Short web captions
────────────────────

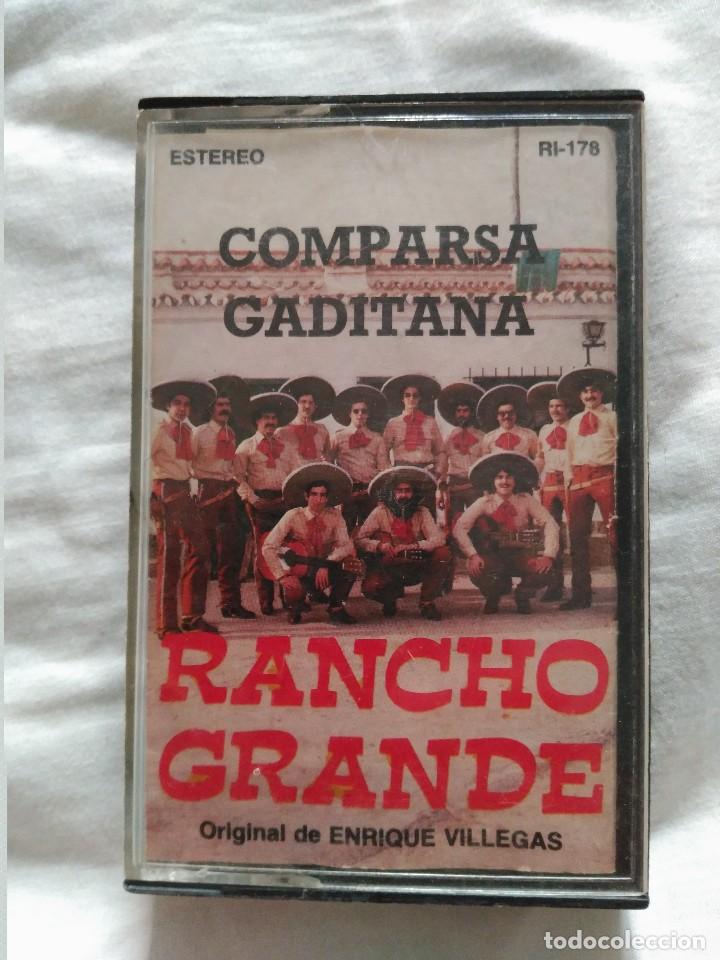 Casetes antiguos: carnaval de cadiz casete comparsa rancho grande - Foto 1
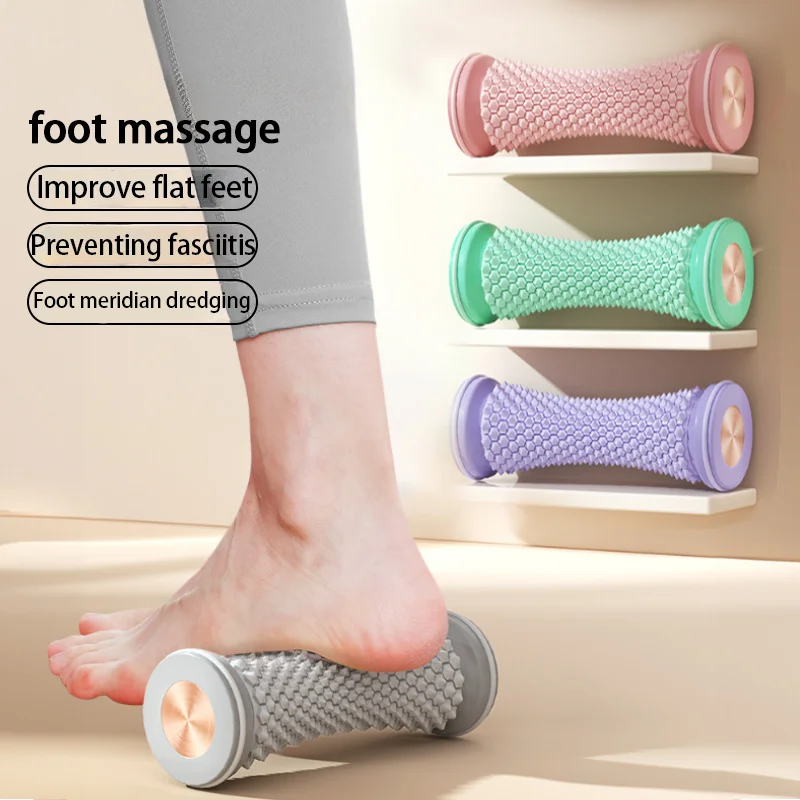 Foot Massager Massage Roller Yoga Massage Ball Plantar Fascia Roller Muscle Relaxation Care Plastic Manual Foot Massager Rollers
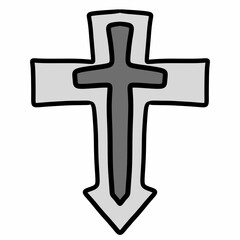 Obraz premium cross icon. christian cross symbol. illustration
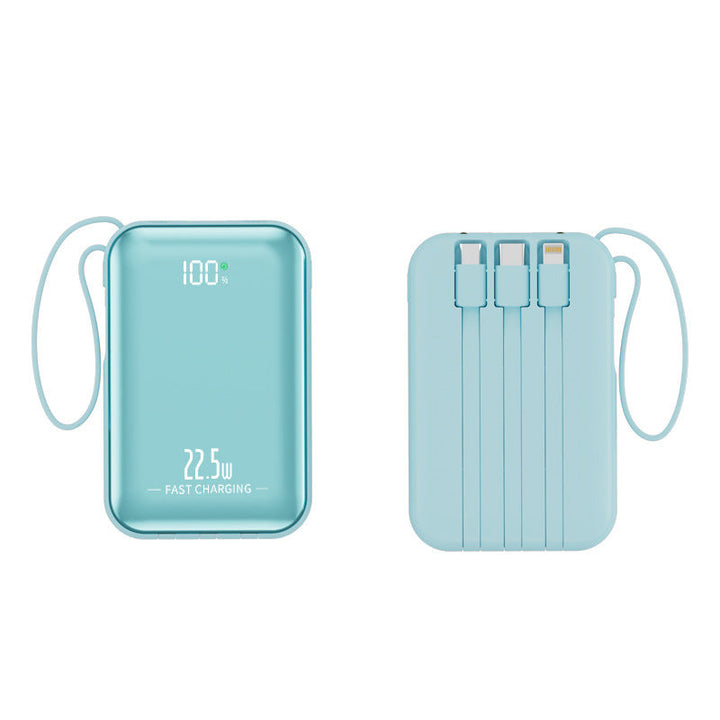 Portable power bank with integrated charging cables and fast charging function Kalsten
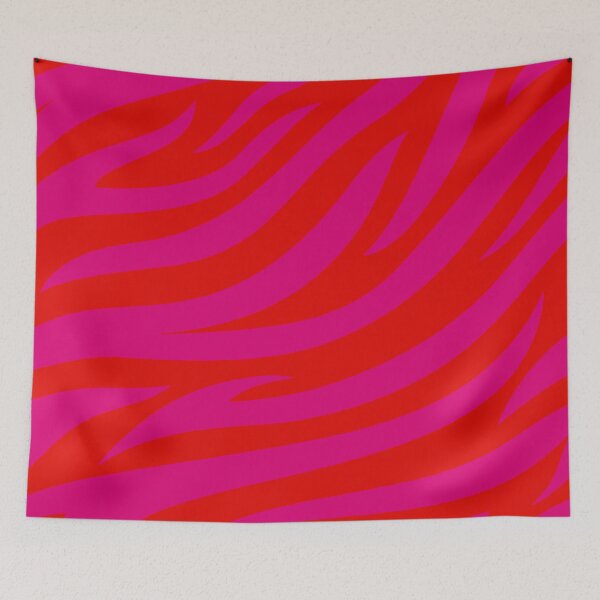 Item preview, Modern Graphic Zebra Print Pattern | Red & Pink designed and sold by Frohyou.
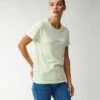 Lexington Naisten T-Paita VANESSA ORGANIC COTTON Limenvihreä -Kekäle lexington naisten t paita vanessa organic cotton limenvihrea 1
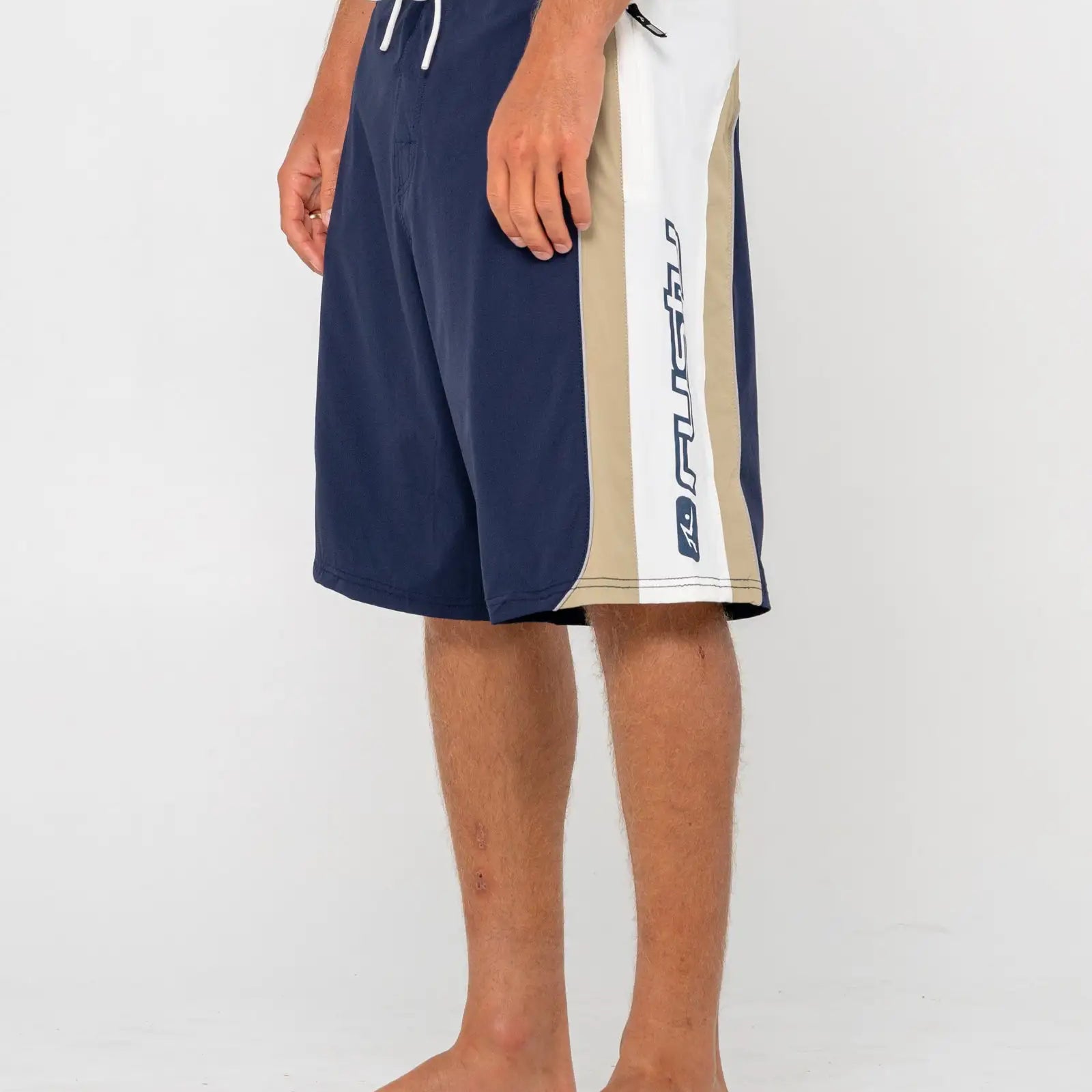 Rusty Mens Boardshorts Power-Wing Fixed Waist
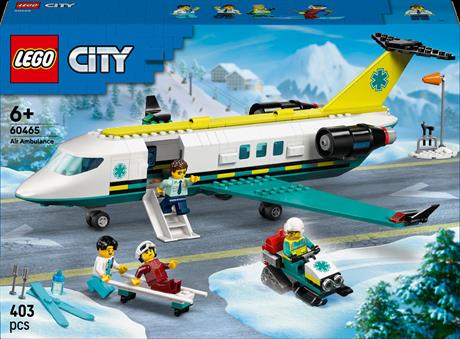 Конструктор LEGO City Літак швидкої медичної допомоги 403 деталі (60465) - фото 11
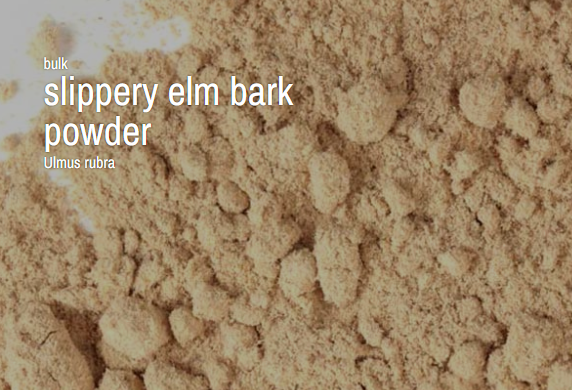 Bulk Herbs by the Half Ounce (.5 oz) - Slippery Elm Bark Powder - Herbs & Accessories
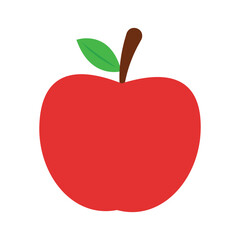 A whole red apple with a sweet taste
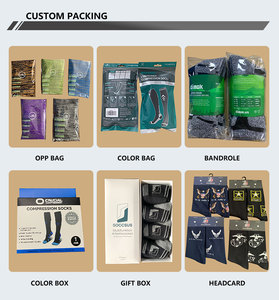 Bán Buôn Tốt Nghiệp Cao Đầu Gối Nylon Polyester Spandex Cộng Với Kích Thước Nén Vớ 1520 <span class=keywords><strong>Mmhg</strong></span> Cho Nam Giới Phụ Nữ - Product Image 6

────────────────────

## Problem to work on
Where the line with "Foot Massager Massage" appears in the entries above, begin there and restate every line to the end word for word, minus the pictures.

## Finished task
 Foot Massager Massage Roller Yoga Massage Ball Plantar Fascia Roller Muscle Relaxation Care Plastic Manual Foot Massager Rollers
 Obraz premium cross icon. christian cross symbol. illustration
 Portable power bank with integrated charging cables and fast charging function Kalsten
 Item preview, Modern Graphic Zebra Print Pattern | Red & Pink designed and sold by Frohyou.
 Lexington Naisten T-Paita VANESSA ORGANIC COTTON Limenvihreä -Kekäle lexington naisten t paita vanessa organic cotton limenvihrea 1
 Rusty Mens Boardshorts Power-Wing Fixed Waist
 Конструктор LEGO City Літак швидкої медичної допомоги 403 деталі (60465) - фото 11
 Bulk Herbs by the Half Ounce (.5 oz) - Slippery Elm Bark Powder - Herbs & Accessories
 A whole red apple with a sweet taste
 Bán Buôn Tốt Nghiệp Cao Đầu Gối Nylon Polyester Spandex Cộng Với Kích Thước Nén Vớ 1520 <span class=keywords><strong>Mmhg</strong></span> Cho Nam Giới Phụ Nữ - Product Image 6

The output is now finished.